What Every Local Business Website Page Actually Needs
Five pages. That is all a local business website needs to outperform most competitors. Here is what goes on each one.
Local business websites do not need to be complicated. Most of the ones that perform well are simple by design. Here is the exact structure.
Home page Phone number above the fold. Not below the hero, not in the footer — above the fold, visible before any scrolling. This is your most important conversion element.
Below that: a clear one-sentence description of what the business does and where, a brief services summary (3-6 cards), social proof (years in business, insurance status, number of jobs), service area with specific town names, a gallery of real work, and a contact section.
Services page One section per service.
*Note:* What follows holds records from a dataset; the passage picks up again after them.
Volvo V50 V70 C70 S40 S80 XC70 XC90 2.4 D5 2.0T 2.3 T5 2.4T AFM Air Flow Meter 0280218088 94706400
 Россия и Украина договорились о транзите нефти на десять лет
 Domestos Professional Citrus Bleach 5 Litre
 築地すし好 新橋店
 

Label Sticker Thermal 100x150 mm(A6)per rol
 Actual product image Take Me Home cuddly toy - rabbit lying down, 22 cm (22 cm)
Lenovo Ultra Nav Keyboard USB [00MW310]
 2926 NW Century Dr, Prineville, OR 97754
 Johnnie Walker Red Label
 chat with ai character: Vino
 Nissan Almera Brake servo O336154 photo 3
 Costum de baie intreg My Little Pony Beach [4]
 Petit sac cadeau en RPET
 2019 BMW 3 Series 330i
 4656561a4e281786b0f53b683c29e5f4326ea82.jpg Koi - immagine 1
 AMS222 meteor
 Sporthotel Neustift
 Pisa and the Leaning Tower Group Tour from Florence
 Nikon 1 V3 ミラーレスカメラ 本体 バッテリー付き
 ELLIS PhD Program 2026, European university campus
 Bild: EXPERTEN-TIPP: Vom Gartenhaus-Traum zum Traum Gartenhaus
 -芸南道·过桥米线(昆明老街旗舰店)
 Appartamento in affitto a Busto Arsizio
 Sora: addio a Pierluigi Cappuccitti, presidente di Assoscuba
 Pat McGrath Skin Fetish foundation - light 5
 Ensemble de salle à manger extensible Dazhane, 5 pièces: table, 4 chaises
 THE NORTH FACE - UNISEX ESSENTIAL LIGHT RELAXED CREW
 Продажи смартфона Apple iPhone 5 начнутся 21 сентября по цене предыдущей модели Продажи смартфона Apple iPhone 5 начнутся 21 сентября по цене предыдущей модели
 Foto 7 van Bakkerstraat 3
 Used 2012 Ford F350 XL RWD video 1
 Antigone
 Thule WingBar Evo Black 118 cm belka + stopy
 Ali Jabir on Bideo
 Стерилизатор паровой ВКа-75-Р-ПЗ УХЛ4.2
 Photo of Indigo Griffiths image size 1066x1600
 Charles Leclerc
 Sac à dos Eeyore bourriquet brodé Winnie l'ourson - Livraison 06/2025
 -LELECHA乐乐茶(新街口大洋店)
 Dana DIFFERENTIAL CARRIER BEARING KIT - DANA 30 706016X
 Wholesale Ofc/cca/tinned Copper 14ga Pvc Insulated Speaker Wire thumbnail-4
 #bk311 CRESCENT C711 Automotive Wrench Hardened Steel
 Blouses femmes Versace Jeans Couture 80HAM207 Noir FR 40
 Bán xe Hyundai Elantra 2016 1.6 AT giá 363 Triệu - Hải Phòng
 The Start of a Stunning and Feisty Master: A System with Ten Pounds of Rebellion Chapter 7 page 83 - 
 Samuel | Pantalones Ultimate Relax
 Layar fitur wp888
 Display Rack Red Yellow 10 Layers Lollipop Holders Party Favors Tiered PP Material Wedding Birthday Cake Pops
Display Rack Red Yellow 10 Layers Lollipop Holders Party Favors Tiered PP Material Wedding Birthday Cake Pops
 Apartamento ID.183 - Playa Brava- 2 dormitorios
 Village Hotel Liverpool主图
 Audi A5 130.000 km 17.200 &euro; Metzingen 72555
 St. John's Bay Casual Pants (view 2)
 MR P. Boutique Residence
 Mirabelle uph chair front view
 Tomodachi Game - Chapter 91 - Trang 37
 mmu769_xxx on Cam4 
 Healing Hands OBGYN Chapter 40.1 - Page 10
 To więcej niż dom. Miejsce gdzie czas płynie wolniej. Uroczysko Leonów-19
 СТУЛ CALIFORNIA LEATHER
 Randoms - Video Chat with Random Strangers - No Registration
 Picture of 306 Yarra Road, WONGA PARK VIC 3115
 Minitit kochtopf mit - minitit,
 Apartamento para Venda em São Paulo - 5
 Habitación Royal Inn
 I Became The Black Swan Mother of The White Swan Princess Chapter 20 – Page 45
Explain what it is, who needs it, and what to expect. This is where your keyword coverage lives. "Stump grinding Dillsboro Indiana" belongs here, not on the home page. Be specific.
About page The owner's story. How long they have been doing this, why, what makes them different. Credentials, certifications, insurance status. Photos of the owner and team, not stock photos.
Gallery Real photos. Before and after where possible. Real job sites, real equipment, real results. Alt text every image with descriptive keywords.
Contact page Phone number, email, Google Maps embed, service area list, and a short contact form: name, phone, email, message. Four fields maximum. Every additional field drops completion rate.
That is five pages. That is the whole site. Do not add a blog unless the client will actually write for it. A blog with zero posts hurts more than no blog.